ML Benchmarks

Supervised Learning and Visualization

This lecture

Resampling (Recap + Nested Resampling)
Hyperparameter Tuning
Model Classes
Benchmarking

Resampling

Recap: Cross-Validation (CV)

Random partitioning in \(k\) equally sized parts (usually 5 or 10)
\(k-1\) parts serve as training set, remaining fold is test set
Each part is used as the test set once
The estimated prediction error is averaged over all folds

Cross-Validation (CV)

Repeated Cross-Validation (RCV)

same as CV, but multiple runs with different seeds (e.g., \(10 \times 10-\)fold CV)
different seeds = subset structures are different
averaging performance estimates over repetitions stabilizes results (especially in combination with small sample sizes) and can be helpful when using them to perform a significance test (is model A better than model B)

Nested Resampling

When tuning hyperparameters, a more complex resampling strategy is necessary:

inner resampling is used to select hyperparameters and pre-process the data (select variables, impute missing data, scale variables, etc.)
outer resampling is used to evaluate the full data analysis pipeline

This is necessary to obtain “fair”, i.e., not overoptimisitc performance estimates

Nested Resampling

Hyperparameter Tuning (Example: Tree-based Methods)

Decision Trees

Recursive binary splitting to find subsets that are homogeneous regarding outcome:

Random Forests

Aggregation of multiple decision trees
Combination of Bagging (Bootstrap Aggregation) and variable selection
Ensemble of de-correlated deep trees promises better out-of-sample performance:

Hyperparameters of Random Forest

Minimum node size in node to attempt a split
Maximum tree depth
Minimum impurity reduction
Minumum number of observations in leaf nodes
Number of trees
Number of predictors considered for each split (often called mtry)

Hyperparameters of Random Forest

Although random forests usually work relatively well with default settings, tuning may be beneficial to improve accuracy (classification) or increase the precision (regression task)
Remember: Tuning and selection of hyperparameters needs to be separated from performance evaluation (inner resampling strategy within modeling pipeline)!

Hyperparamer Tuning - Grid Search

Specify a grid of parameter values that should be considered during tuning:

mtry	ntrees
10	100
15	100
20	100
10	250
15	250
20	250
10	500
15	500
20	500

Every combination of hyperparameter settings is used to train a model and the performance of each model is evaluated on a test-set to determine the best parameter combination (again: this should be done in an inner loop to avoid overoptimistic performance evaluations for the overall modeling pipeline)

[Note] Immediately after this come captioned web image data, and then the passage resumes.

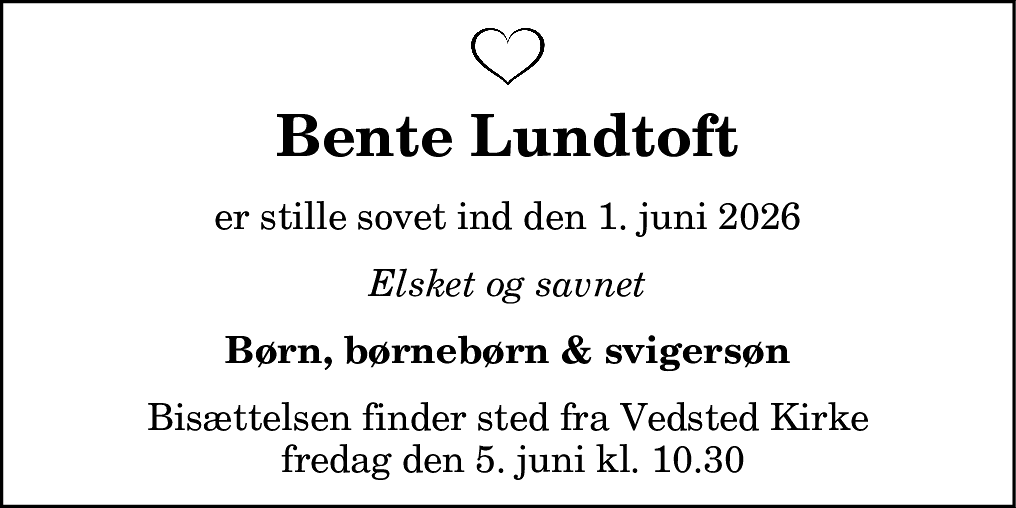 Dødsannonce for Bente Lundtoft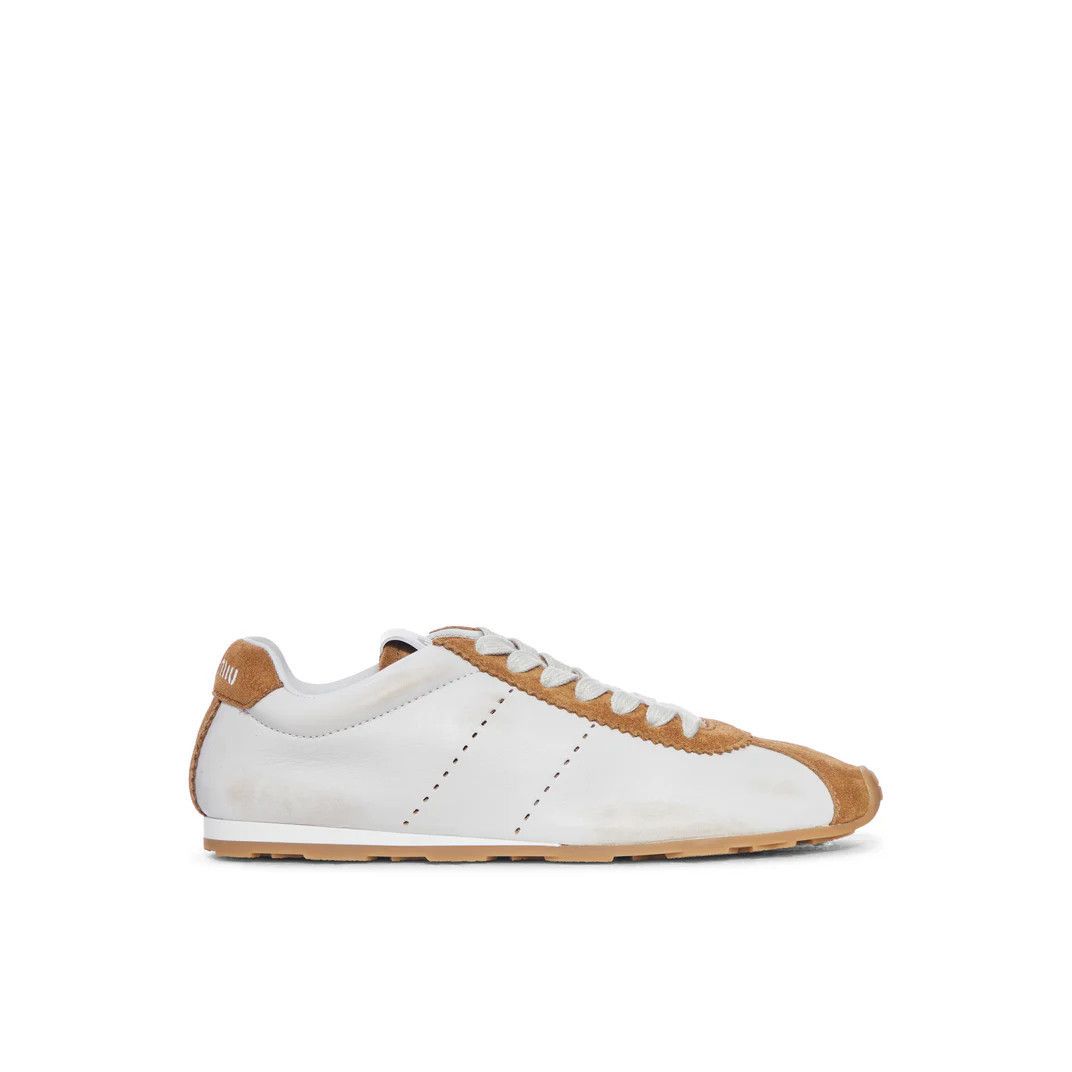 MIU MIU Plume $950 White/Brown Sneakers New And Authentic (W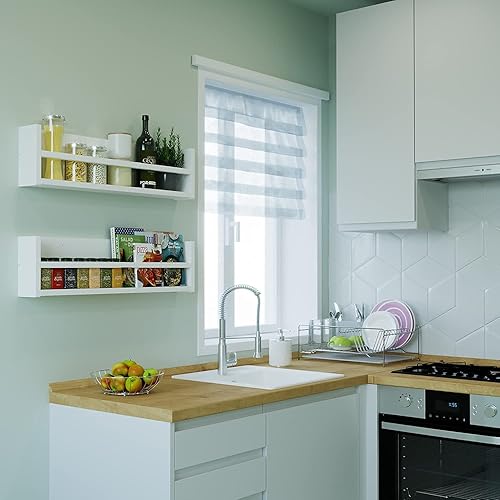 Miniatura 6 de Brightmaison Polynez - Estantes flotantes de 30 pulgadas para guardería y niños, juego de 2 estantes flotantes de madera, color blanco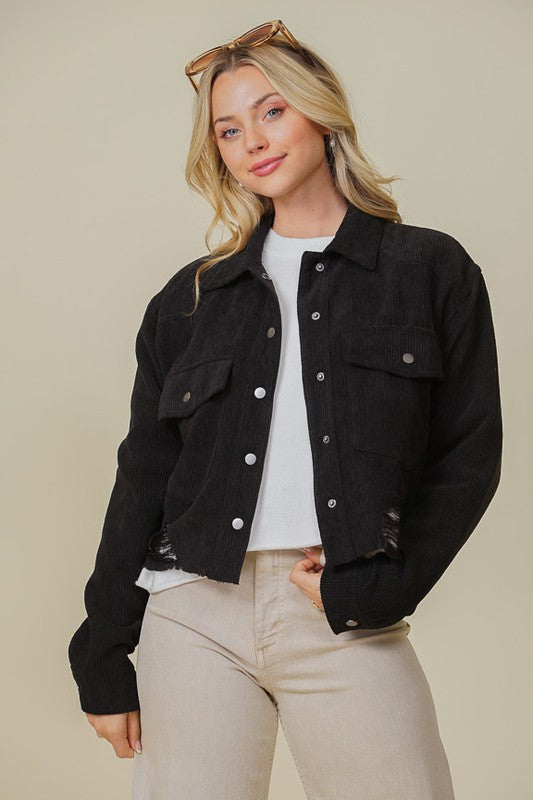 Zoey Distressed Corduroy Jacket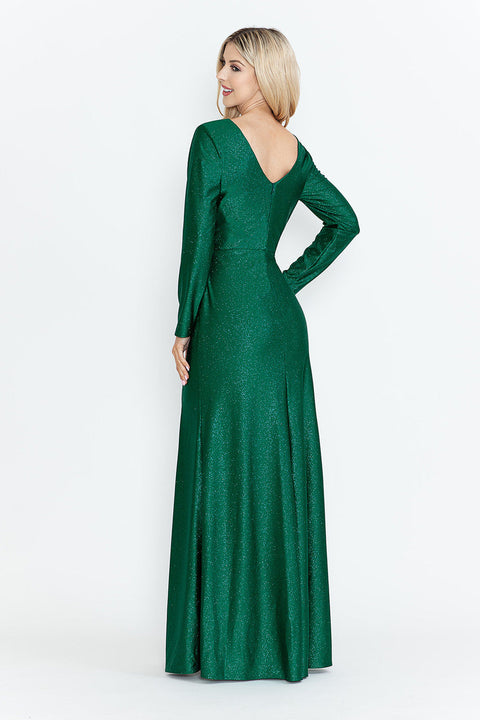 Long Sleeve Mother of the Bride Formal Glitter Dress Lenovia 5323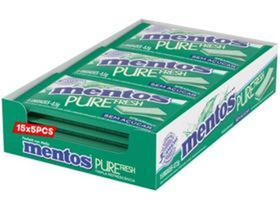Goma de Mascar Mentos Pure Fresh Spearmint sem Açúcar Display com 15 Slabs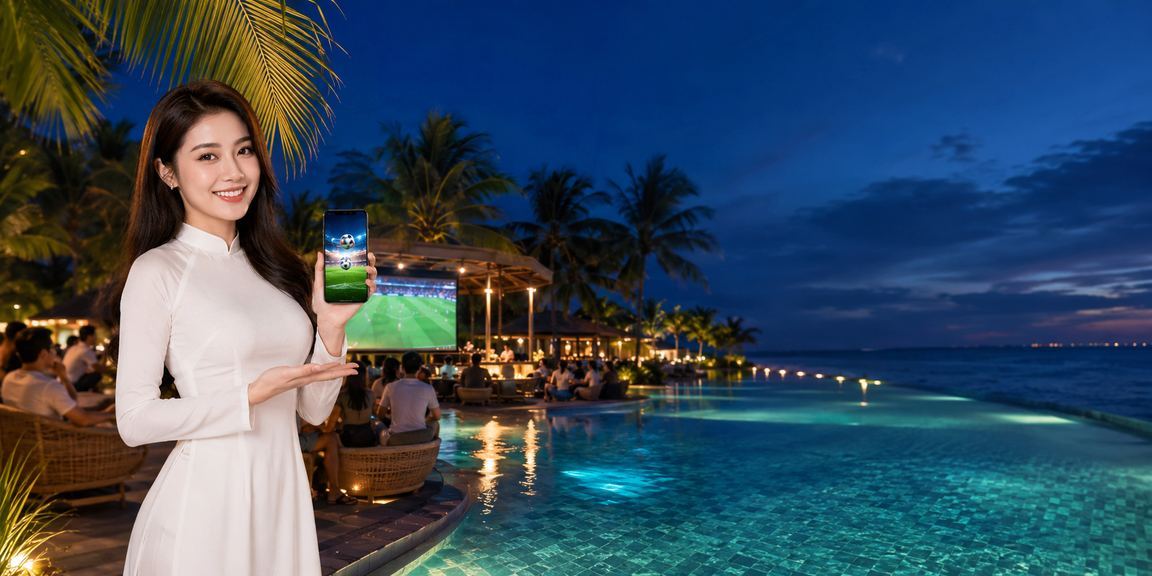 Người phụ nữ mặc áo dài theo dõi kết quả bóng đá và kèo cược tại Mũi Né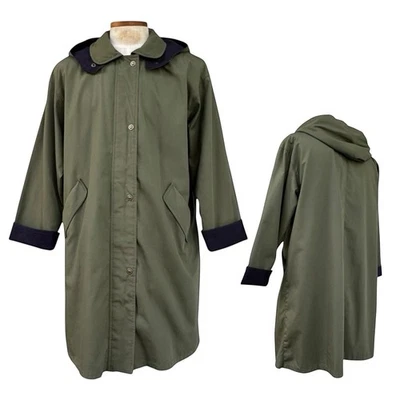 Jaqueta de chuva vintage anos 80 90 feminina 16 longa trench coat com capuz verde oliva - Imagem 1 de 4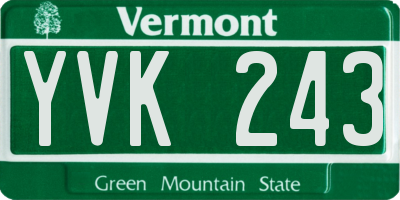 VT license plate YVK243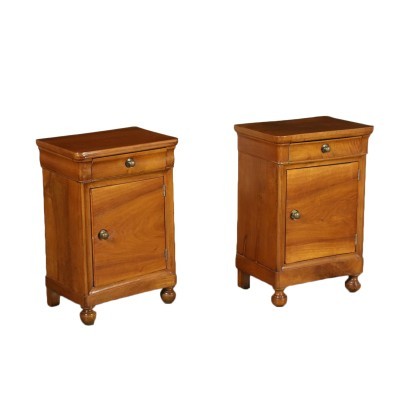 Pair of Bedside Table Walnut Poplar Italy 19th Century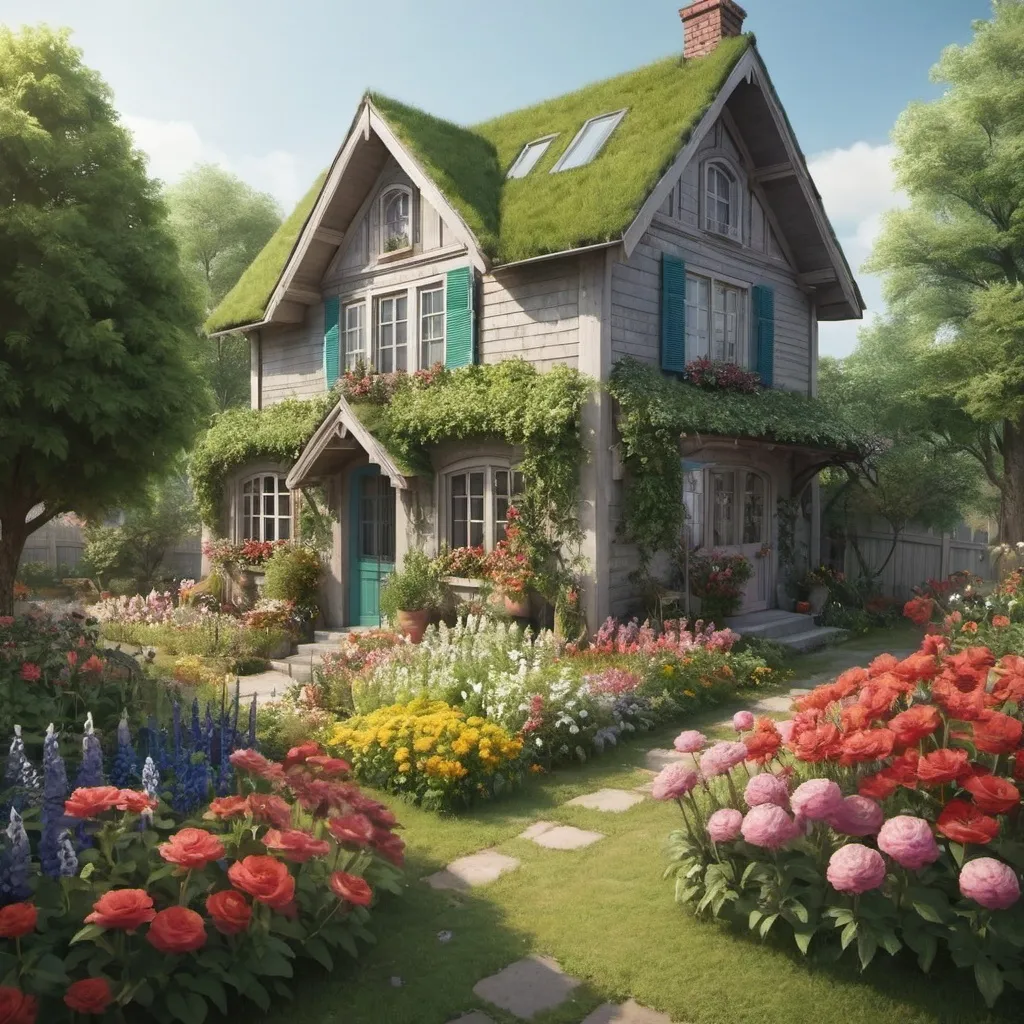 Prompt: my h ouse is next to a flower garden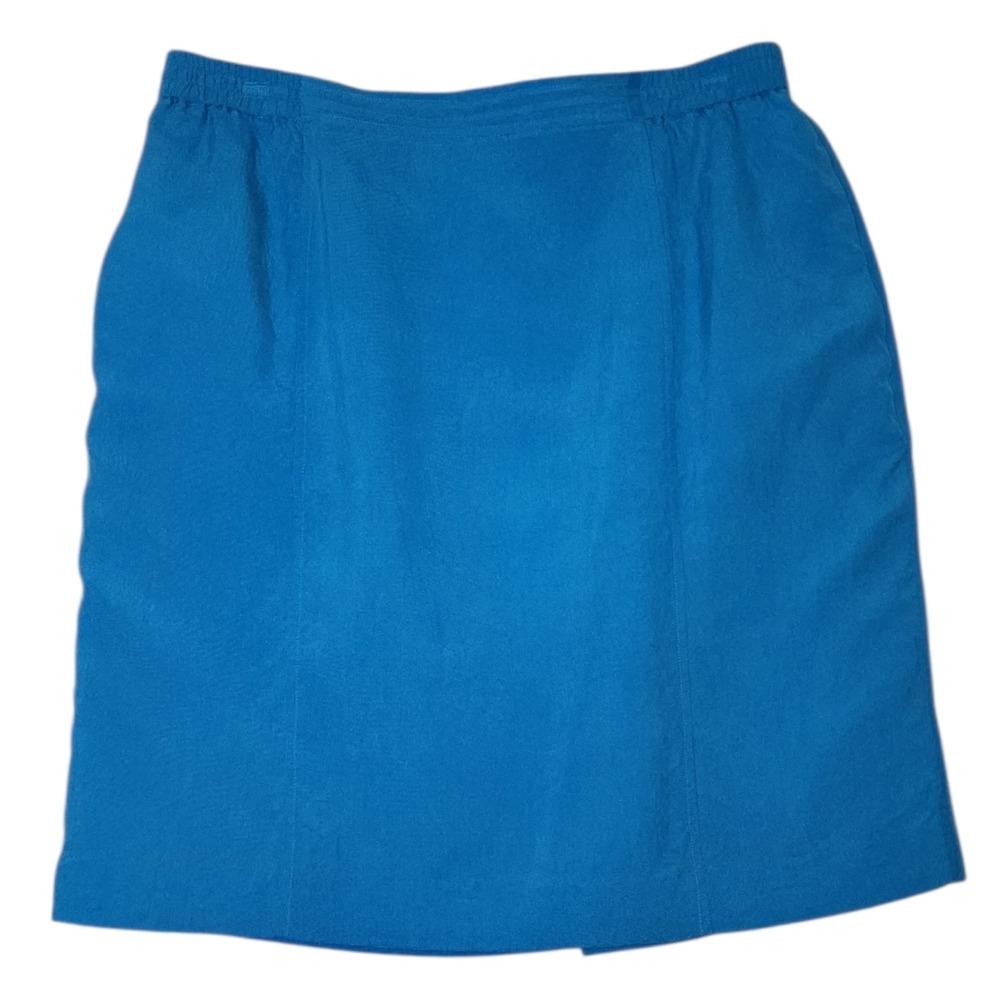 Norton McNaughton Skirt Womens Size 14P 14 Petite Blue 100% Silk Mini Pencil VTG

Hyperparamer Tuning - Grid Search

mtry	ntrees	MSE
10	100	0.584
15	100	0.506
20	100	0.429
10	250	0.536
15	250	0.428
20	250	0.525
10	500	0.322
15	500	0.476
20	500	0.409

Hyperparameter settings with the best performance metric (here: smallest MSE) are selected

Hyperparamer Tuning - Random Search

Easy to imagine that grid search is only feasible if few values for some selected hyperparameters are tested
The computational demand increases drastically when many hyperparameters (see, for example, the XGBoost) should be optimized and many potential values (and their interactions) have to be evaluated:
- Testing 20 values for 4 parameters results in 160,000 models that have to be trained
Random search as an alternative with limited budget (can be more efficient, especially when some hyperparameters do not strongly impact the model performance)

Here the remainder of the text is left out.